In recent months, the debate around health care has shifted, in part, away from the inadequacies of Obamacare and the resulting rising costs for Americans to prescription drug prices. This is in large part because of the actions of former Turing Pharmaceuticals CEO, Martin Shkreli, who attracted both media and Congressional scrutiny when he infamously increased the price of the anti-parasitic drug known as Daraprim by more than 5,000 percent. When questioned about this increase, Shkreli’s nonchalant attitude and seeming disregard for the patients who rely on this medicine spurred public outrage. As a result, policymakers, and indeed several Presidential candidates, were quick to label Shkreli’s behavior as reflective of the entire U.S. pharmaceutical industry. With a poster child like Shkreli, it is easy to see how a call to action to address drug costs is quickly following suit.

While curbing abuses committed by individual actors like Shkreli are certainly warranted, there should be concern about the impact Congress’ misguided proposals could have on the entire biopharmaceutical industry and the American people.

In a rush to call for government intervention in prescription drug pricing, some members of Congress and the media ignore the disastrous consequences intervention would have for the patients who depend on the development of new treatments. For example, over the past few years there has been incredible progress made in disease areas like Hepatitis C, when the first FDA approved cure, Solvaldi, was introduced to the market. Although the initial price per pill was high, it was hardly comparable to the half-a-million dollar price tag for individuals who needed a liver transplant as a result of years of living with Hepatitis C. Solvaldi created a cure for patients that wouldn’t have been possible without critical investment in research. These savings are critical for consumers and taxpayers.

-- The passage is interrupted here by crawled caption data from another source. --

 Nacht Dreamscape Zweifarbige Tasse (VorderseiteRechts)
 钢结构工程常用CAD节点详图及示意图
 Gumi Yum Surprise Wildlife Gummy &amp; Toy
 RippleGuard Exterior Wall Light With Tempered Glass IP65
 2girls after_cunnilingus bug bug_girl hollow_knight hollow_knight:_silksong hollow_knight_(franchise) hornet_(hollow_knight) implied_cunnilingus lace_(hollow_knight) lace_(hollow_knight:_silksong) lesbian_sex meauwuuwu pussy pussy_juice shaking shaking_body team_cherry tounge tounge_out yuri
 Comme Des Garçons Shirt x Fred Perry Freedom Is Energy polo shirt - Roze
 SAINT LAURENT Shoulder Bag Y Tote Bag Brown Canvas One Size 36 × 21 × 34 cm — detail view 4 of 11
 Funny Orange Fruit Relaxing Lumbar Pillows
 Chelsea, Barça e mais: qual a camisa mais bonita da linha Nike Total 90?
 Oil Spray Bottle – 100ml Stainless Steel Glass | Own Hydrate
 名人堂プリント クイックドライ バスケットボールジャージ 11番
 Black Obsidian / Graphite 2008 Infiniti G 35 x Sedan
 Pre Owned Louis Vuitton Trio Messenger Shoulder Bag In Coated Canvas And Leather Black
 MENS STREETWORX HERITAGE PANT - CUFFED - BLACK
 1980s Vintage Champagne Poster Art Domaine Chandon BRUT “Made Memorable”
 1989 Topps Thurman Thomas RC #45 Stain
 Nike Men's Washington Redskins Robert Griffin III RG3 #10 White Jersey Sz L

Imposing price controls (commonly called “transparency measures” by policymakers) destroys the incentive for investment in the biopharmaceutical industry because it diminishes the possibility of returns. Without investment, innovative drugs that require expensive and risky research (like Solvaldi) never make it to market and patients suffer the consequences. Overall, government imposed price controls distort the market balance. And, like we saw during the gas crisis of 1970 (remember those long lines?), they can have disastrous results by limiting the supply of products available for consumers. There in no place more critical to avoiding a shortage of goods then in the biopharmaceutical market, which is responsible for creating the drugs that save and improve lives.

Critical prescription drugs should never be out of reach for patients, but diminishing the prospect of investment in potential cures is certainly not an effective means of addressing the problem. Congress must consider solutions that combat long-term healthcare spending without harming patients, and a competitive market place is the best way to ensure this. As an example of the competitive free market working, two other drugs have entered the market to compete with Solvaldi. And, with any competition, comes a reduction in price. Insurers must also be held accountable for rising costs when they fail to cover specialty treatments patients rely on. Without addressing the role of insurers, patients will continue to pay high prices for treatments. And, taxpayers will also be on the hook for increasing costs in all government healthcare programs.

Government intervention in drug pricing will have disastrous effects on drug innovation. The development of new drugs and treatments doesn’t just make a difference in the lives of Americans, but also saves the healthcare system and country millions of dollars down the road. As Congress begins to consider proposals to improve patient accessibility to prescription drugs, they shouldn’t undermine competition by imposing onerous government regulations such as price controls on prescription drugs.